In my current role, I oversee the business programs operations. Our business programs include our restaurant Sweet Home Café (which was a James Beard Awards semi-finalist for Best New Restaurant), and the museum retail store. In preparation for the grand opening, I oversaw coordination of product development for the store, menu development for the cafe and a variety of other building operations requirements. New products may be developed when new exhibitions open, or if a new object is acquired. I work closely with our museum’s leadership, curators and stakeholders to ensure business program offerings align with our mission and reflect our exhibitions. I also oversee a variety of other project management activities related to facilities planning.

What do you like most about your job?

I enjoy working in a field that I love and at an institution that makes such a huge impact on a global scale. I was initially drawn to work in museums because they provide access to knowledge – free of charge – to whomever walks through the doors. The sciences, arts, culture and history are so important, and museums are a place where all of that information is available to whoever seeks it out. I’m grateful that I get to play a small role in that. Having a role in the grand opening of a national museum was an amazing experience. In my job, I find myself experiencing moments in real time, that I know will be looked back upon as history making, and I catch my breath. It’s surreal.

What were some of the internships and professional development experiences you had as a student that helped prepare you for a career?

I completed the College’s historical archaeology field school, which provided hands-on experience conducting archaeological excavations at plantation sites in Charleston.

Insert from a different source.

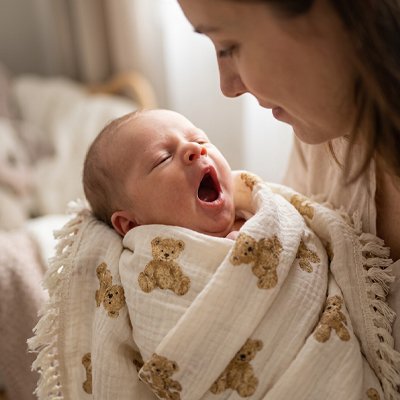 couverture brodée bébé nourrisson bâillant bras maman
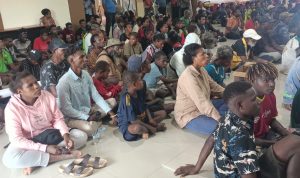 Ratusan masyarakat Pulau Kimaam yang datang di Kantor Dewan Perwakilan Rakyat Daerah (DPRD) Kabupaten Merauke – Surya Papua/Frans Kobun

I also attended a class trip to St. Helena’s Island and the Penn Center for a cultural heritage preservation workshop focusing on the Gullah Geechee culture. I also worked at the Avery Research Center for African American History and Culture.

What advice do you have for students interested in similar careers?

Museums need candidates with a variety of skills, so be willing to learn new skills that can be transferable. Positions like curators and researchers are needed, but museums require much more than that to function (i.e. engineers, accountants, lawyers, educators). Be open to exploring different career paths within museums. Also, just as in any field, networking is very important and don’t underestimate the value of volunteering, internships or informational interviews.

What lesson or piece of advice from a professor or staff member at the College sticks with you to this day?

I took Professor Tim Carmichael’s introductory history course as one of my general education requirements. He was always very encouraging and suggested that I consider becoming a history major. Though I didn’t major in history, he really boosted my confidence in my writing and analysis skills. About a year or two after taking his class, he suggested I take the course of visiting professor Darlene Clark Hine who was teaching a course on African American women’s history. It was one of the best pieces of advice I have ever received. The class was amazing and required me to really challenge myself as a researcher and writer. It exposed me to new possibilities for myself and my future.